A preview of Tuft & Needle's first Amazon-powered store in Seattle.
A preview of Tuft & Needle’s first Amazon-powered store in Seattle.

Tuft & Needle is a success story, growing over the last five years to push a new model of e-commerce that’s upending traditional bedding sellers. Now, it’s heading for the big time with a big expansion of its own brick and mortar stores.

Who does a successful startup call when its making such a big move? Amazon, of course.

Starting with a forthcoming showroom near Amazon’s Seattle home base, Tuft & Needle plans to launch 30 locations across the country by 2020. Each storefront will prominently feature the Amazon logo emblazoned under Tuft & Needle’s own brand—and be stocked with Amazon gadgets to bolster the experience.

Such is life for retailers these days. You’re not going to beat Amazon, so you might as well join ’em.

“We view Amazon as the most powerful force in the future of retail, and instead of resisting it like many other brands, we are fully embracing our relationship with them,” Tuft & Needle co-founder Daehee Park said. “If this works for Tuft & Needle, other retail categories can learn from this experiment to plug into Amazon and overtake their own incumbents.”

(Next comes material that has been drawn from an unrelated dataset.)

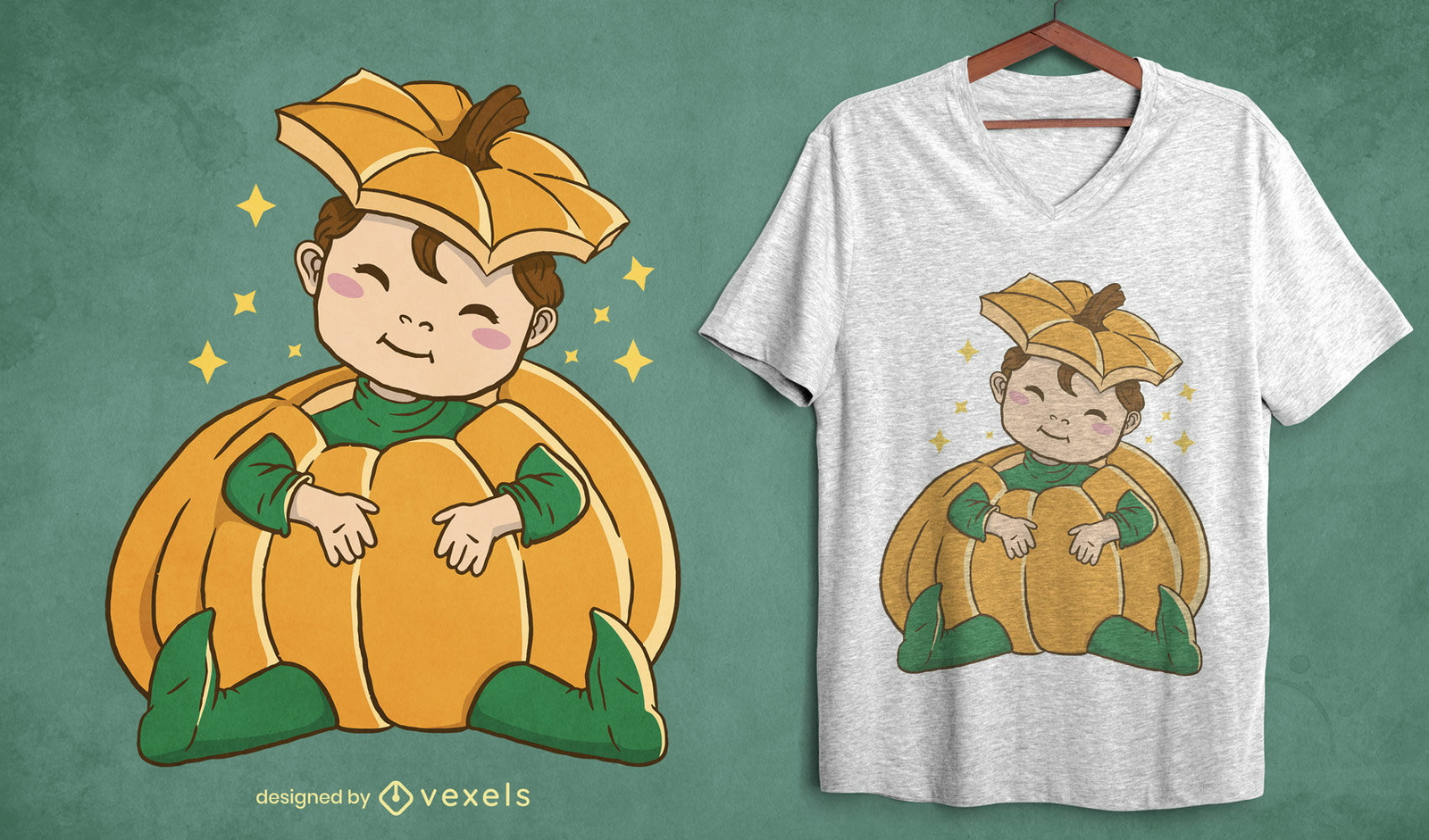 Design de t-shirt com fantasia de abóbora de bebê para o Dia das Bruxas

As Amazon’s chokehold on the online shopping world grows, Tuft & Needle is one of several retailers who’ve decided they’d rather work with the e-commerce behemoth than against it. Bigger companies like Nike and Sears have made the same decision in recent weeks, and each of Tuft & Needle’s primary competitors sells through Amazon to some extent.

The joint effort comes as Amazon pushes aggressively into the home furniture category, one of the few remaining consumer markets that has escaped its grasp.

Furniture is one of Amazon's fastest growing sections.

Image: Amazon/screenshot

Furniture is one of Amazon’s fastest growing sections.

These won’t be Tuft & Needle’s first stores. The company launched its three existing locations in Phoenix, Scottsdale, and San Francisco back in 2012. Like many other e-commerce startups, it’s found that brick-and-mortar operations can offer a customer service experience that the web just can’t match.

The need for Amazon’s help, however, comes with everything the ecommerce giant does better than any other company.